"We get on very well and one of the most important elements is trust," she says before the pair try to tame the Rally of Hawke's Bay this weekend.
The Hawke's Bay Car Club organised rally is based in Waipukurau but will take in routes at Porangahau, including the beaches north of the town before the field of about 60 finish today at the Bridge Pa Motordome.
"I trust he'll listen to what I say to get us safely to the other end and he trusts me to make the right calls," Pedersen says of the 65-year-old driver, emphasising a wrong call could prove to be disastrous in his 1997 model Ford Escort World Rally car.
She sees her role almost in a Swiss knife mould - secretary, navigator and mother. She accepts it's almost like a dream marriage.
"I'm almost like a mother. I have to make sure he eats, stays hydrated and is at the right place at the right time," says the former Napier Girls' High School pupil.
Like any rapport, there must be moments when they blow their gaskets?
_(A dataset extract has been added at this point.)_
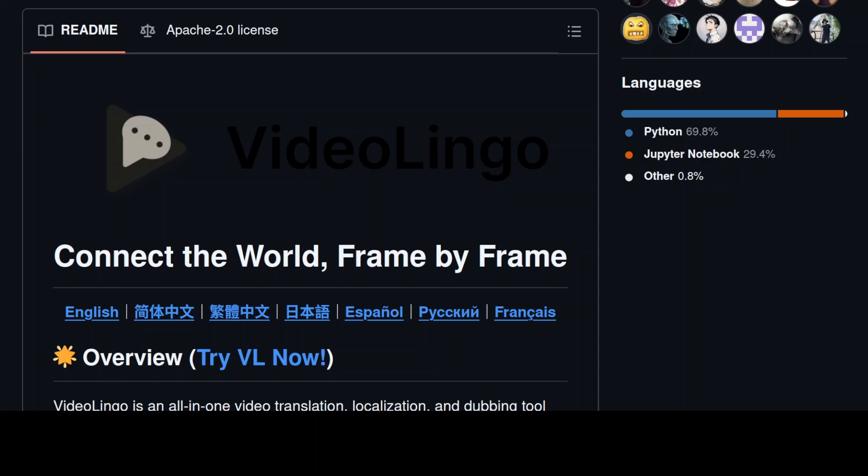So having said that, what exactly is this tool VideoLingo? As I said, it is a dubbing tool which is also used for video translation and localization. Also the claim on their GitHub repo is that they generate Netflix quality subtitles. It also eliminates stiff machine translation and multi-line subtitles while adding high quality dubbing that enables global knowledge sharing across language barriers.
She flips a lock of hair back and pins it behind her ear as she stares at the ceiling before replying: "Yes, one time I was late in a call at the Rally of Hakaido, Japan, in 2003.
"He was very quick to tell me."
Arriving last night in Hastings and jumping straight into his overalls for a photo shoot at the Vehicle Testing Station, Green said talking was vital but so was listening.
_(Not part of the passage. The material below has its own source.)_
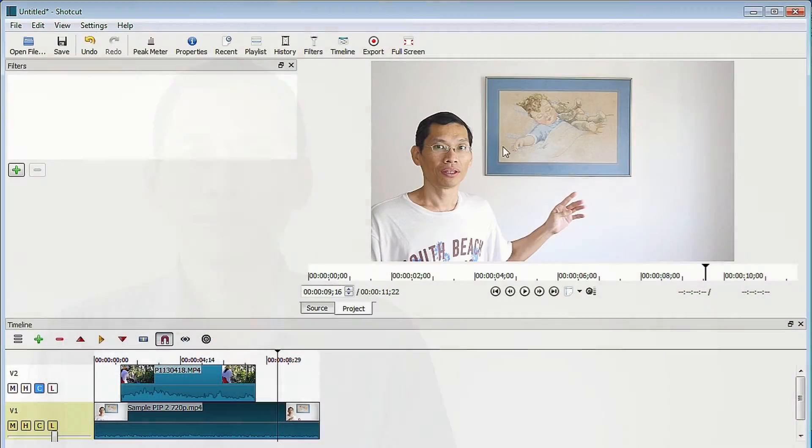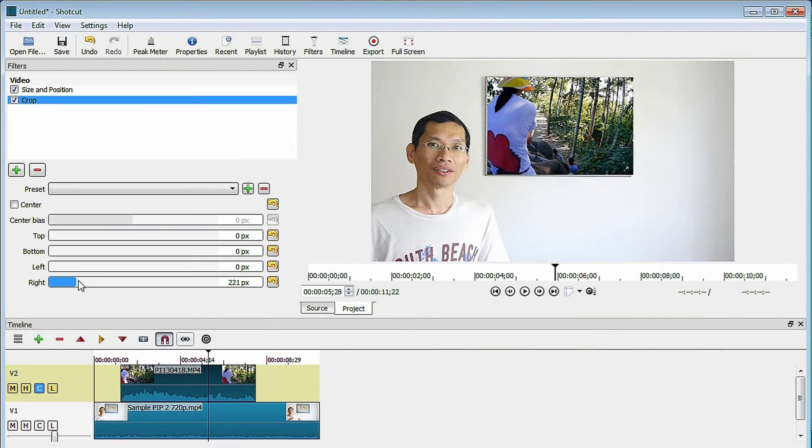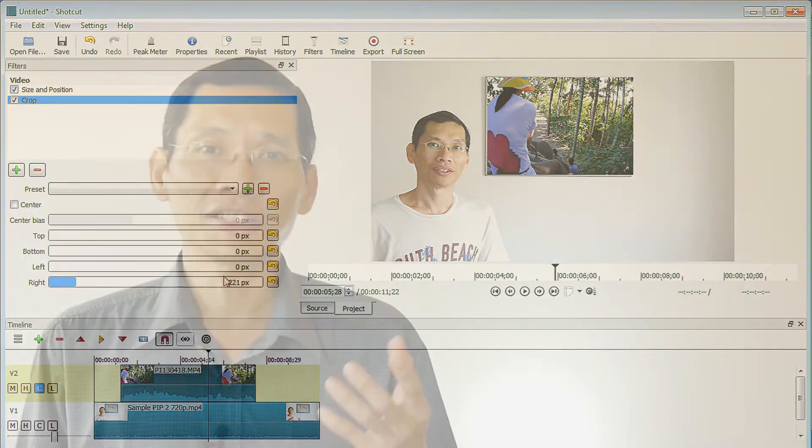I've designed this course so that you can jump straight into basic editing within a short time, even if you are new to video editing. And when you are ready to do more advanced editing like slow motion, multi-track editing, and picture in picture, the lectures are also there as well.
"The notes are quite hard because you have to really concentrate, and I find for about 23km I can concentrate all right, but much after that you start saying, 'Oh, what's next coming over this corner?'.
"Luckily in the 10 or 11 years we've been together we haven't any problems like that [wrong calls]. We've been upside down only once in Thailand and that was two years ago and that was my mistake," Green says, adding his younger brain's trust is enthusiastic and probably puts more time into the collective than he does.
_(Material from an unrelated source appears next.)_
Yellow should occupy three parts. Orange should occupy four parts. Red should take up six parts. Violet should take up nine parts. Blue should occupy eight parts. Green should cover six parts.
The owner of Brian Green Property Group, which embraces New Zealand and Australia interests, has been behind a rally wheel since 1969. It's a far cry from those days when they had no roll bars, radical seatbelts and decent tyres or breaks.
"So rallying is really my relaxation. A lot of people say how can that be possible because it's so stressful.
"I get into the car in the morning. I push a button to start it up and I've got 12 hours roughly with nobody ringing, no internet, no faxes and no nothing.
"By tomorrow I'll be totally relaxed but physically stuffed."
Green feels Pedersen doesn't have a choice but to act like a bloke.
"It's obviously a male sport and in our case it's all males except for Fleur and, occasionally, someone comes along to help with meals who's generally a female," Green says, hoping to add another Bay title to a couple he won in his heyday.
His Ford Escort is not kosher for international races and the Rally of New Zealand but it can be used at club rallies.
Explains Pedersen: "It's too old a model. It's not homologated [approved officially] to meet the set of regulations and age."
Green says he has not driven the car for years after buying the vehicle in 1998.
Pedersen's flirtation with motor sport didn't begin until she left school. In fact, she found it triflely boring when her former boyfriend took her to Bay Car Club rallies as a teenager.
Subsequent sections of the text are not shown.